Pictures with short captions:
====

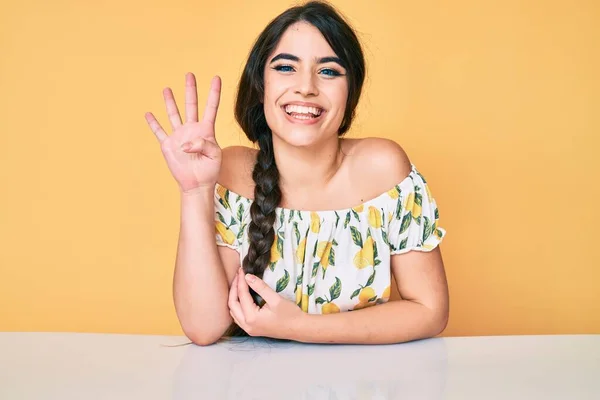 Brunette Tiener Meisje Dragen Casual Kleding Zitten Tafel Tonen Wijzen — Stockfoto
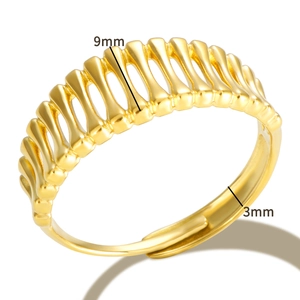 Macro detail of V-shaped gold ring showing 9mm top width and 3mm band dimensions
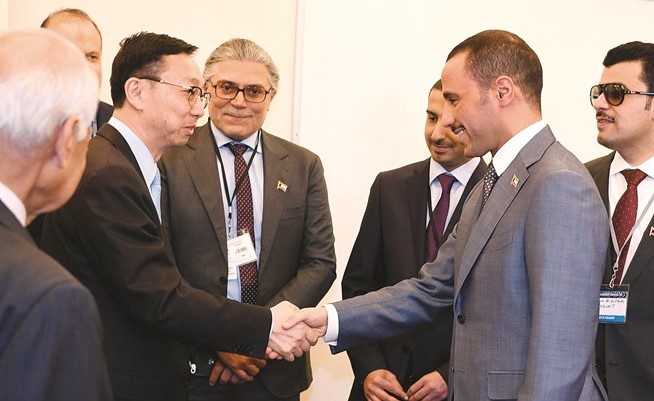 رئيس مجلس الأمة مرزوق الغانم مصافحا نائب رئيس صندوق النقد الدولي تاو زانك﻿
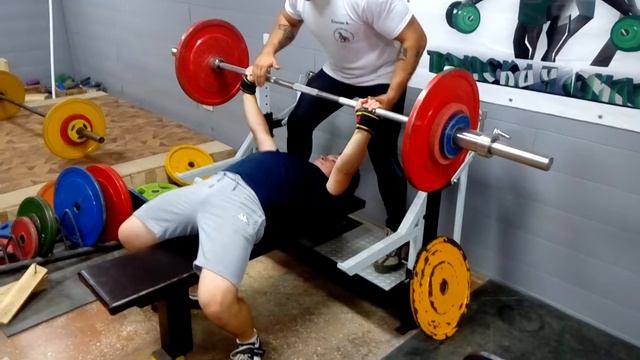 Жим лёжа 90 кг,24.08.16 смотреть онлайн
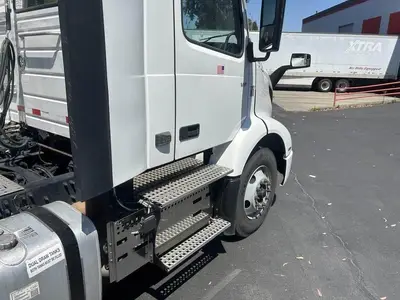 USED 2022 VOLVO VNR42T300
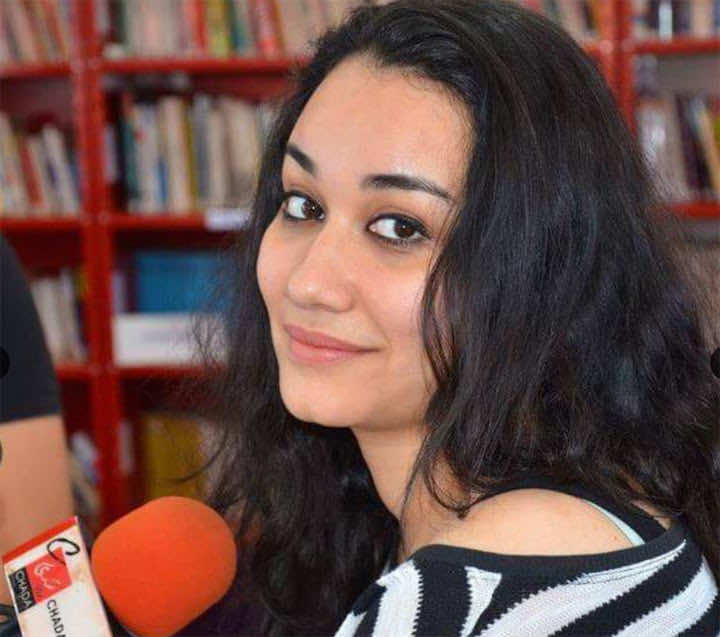 منشطة إذاعية تخرق قواعد الهاكا بالدعاية للبام على الهواء مباشرة!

====

■ WHAT TO PRODUCE
What is needed is an exact copy of the data, without any pictures.

■ RESULT BELOW
 Brunette Tiener Meisje Dragen Casual Kleding Zitten Tafel Tonen Wijzen — Stockfoto
 Macro detail of V-shaped gold ring showing 9mm top width and 3mm band dimensions
 رئيس مجلس الأمة مرزوق الغانم مصافحا نائب رئيس صندوق النقد الدولي تاو زانك﻿
 Жим лёжа 90 кг,24.08.16 смотреть онлайн
 USED 2022 VOLVO VNR42T300
 منشطة إذاعية تخرق قواعد الهاكا بالدعاية للبام على الهواء مباشرة!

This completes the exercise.